Bitcoins, cryptocurrency? What is all the hype behind these words and what sort of a relationship does it have with Nepal?
‘Nepal Rastra Bank has declared dealing in bitcoins illegal in Nepal.’ This statement made quite an impact and it started a chain of conversations that left people wondering, ‘what is bitcoin?
Lets first talk about what crypto currency is all about and how bitcoins emerged from it. In simple terms cryptocurrency works as a medium of exchange that uses the concept of cryptography to secure its transactions, to control the creation of additional units, and to verify the transfer of assets.
Bitcoin, created in 2009, was the first decentralized cryptocurrency. What makes it stand out is the fact that unlike regular currency which has a regulatory authority, bitcoin does not have one. What this offers people is the chance to remain anonymous and that it is a peer-to-peer based exchange system. All of bitcoin in the world is held by users of its network in their own individual bitcoin wallets or bitcoin clients.
Nepal has had a brief affair with bitcoins. Although there is no proper evidence, in 2009 bitcoins were rumored to have been launched in Nepal and the mining started in 2011. The main reason why it lured people was the fact that it has some monetary value. Bitcoins is a currency but the problem is that is not very stable. Since its introduction, the value has fluctuated anywhere from a $100 to $500. At the start of the 2017, it was valued at $800. In recent months, the cryptocurrency has undergone a staggering increase in value; surging from roughly $3,500 in mid-September to its current price which is a mind boggling $15,000! This marked another milestone in the ascent of its value.
Yurop Shrestha, an investor shares his views, “I think that cryptocurrency in general is very interesting. The systematics and function behind it is unique.” He further adds, “Developed countries are still struggling with bitcoins so Nepal is not the best place for them!’
But as mentioned above, Bitcoins are illegal in Nepal according to a notice released by Kedar Prasad Acharya, the deputy director of Nepal Rastra Bank.

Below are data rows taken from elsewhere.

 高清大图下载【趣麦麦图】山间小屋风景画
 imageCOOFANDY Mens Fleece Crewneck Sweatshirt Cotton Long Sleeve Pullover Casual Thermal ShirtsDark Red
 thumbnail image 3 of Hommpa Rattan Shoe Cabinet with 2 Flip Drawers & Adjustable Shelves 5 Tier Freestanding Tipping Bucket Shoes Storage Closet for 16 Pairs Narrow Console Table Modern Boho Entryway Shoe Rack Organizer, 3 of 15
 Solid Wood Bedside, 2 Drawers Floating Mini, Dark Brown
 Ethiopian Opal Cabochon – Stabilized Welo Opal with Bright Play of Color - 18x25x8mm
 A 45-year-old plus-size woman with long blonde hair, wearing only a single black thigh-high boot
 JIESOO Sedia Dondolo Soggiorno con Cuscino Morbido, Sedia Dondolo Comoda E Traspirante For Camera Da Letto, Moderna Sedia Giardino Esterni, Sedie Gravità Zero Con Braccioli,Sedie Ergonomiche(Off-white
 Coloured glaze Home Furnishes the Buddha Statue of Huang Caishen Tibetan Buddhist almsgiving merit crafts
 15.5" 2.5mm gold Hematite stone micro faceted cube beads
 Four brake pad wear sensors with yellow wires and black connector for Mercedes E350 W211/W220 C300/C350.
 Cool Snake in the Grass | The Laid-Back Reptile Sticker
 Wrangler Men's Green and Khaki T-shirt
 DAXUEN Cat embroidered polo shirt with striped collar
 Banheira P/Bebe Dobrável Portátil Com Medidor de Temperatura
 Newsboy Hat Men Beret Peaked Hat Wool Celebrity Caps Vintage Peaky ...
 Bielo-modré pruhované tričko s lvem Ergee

The Nepali government banned bitcoin on account of it not being able to track its transactions, and it has gone so far as to arrest individuals suspected of trading in bitcoin.
President and CEO of IMS Group, Dikesh Malhotra says, “All that I know about Bitcoins is that it is illegal. I haven’t really looked into them and since it has been declared illegal I haven’t embarked on any sort of research either.” He further adds, “The government must have thought very carefully about it and thus taken the decision to ban it.” When asked about whether there could be a future for bitcoins in Nepal he states, “Nepal is still developing in terms of country and currency. We all know that bitcoin is very unstable. Maybe in the near future once it is fully developed and established, then it should be thought about. But it seems like it won’t be coming anytime soon.”
Similarly, Prakiran Shrestha, co-founder of Sastodeal doesn’t see any future for bitcoins in Nepal. “The only thing that people know about bitcoins is that they are illegal. The public has a very limited knowledge about cryptocurrency. Only those who are interested would do research on it.”
He further explains, ”Bitcoin is like a bubble. It is very unstable and though its value is increasing, it can pop at any moment. It will collapse eventually and in the process will hurt a lot of people financially.” In addition to that, ”The government has taken the right step by banning it because there is no future for bitcoins in a developing country like Nepal,” Shrestha claims.
Bitcoin has a very uncertain future as the system and structure is still being understood by people in developed countries like the US, UK and many more. It has a very erratic nature which leaves people wondering whether they should buy in or bypass it. On one hand countries like Nepal have banned it due to its promotion of black money and money laundering. Although it has a restricted presence in Asian countries like India and Indonesia, there is scope for development of bitcoin as an independent currency with the right tools.
As fascinating as bitcoins are, we just have to wait and see if anything will stop this rocket to the Moon, or if it will collapse and fade into nothingness.
Note: This article is not intended to be taken as any form of endorsement or promotion of bitcoin.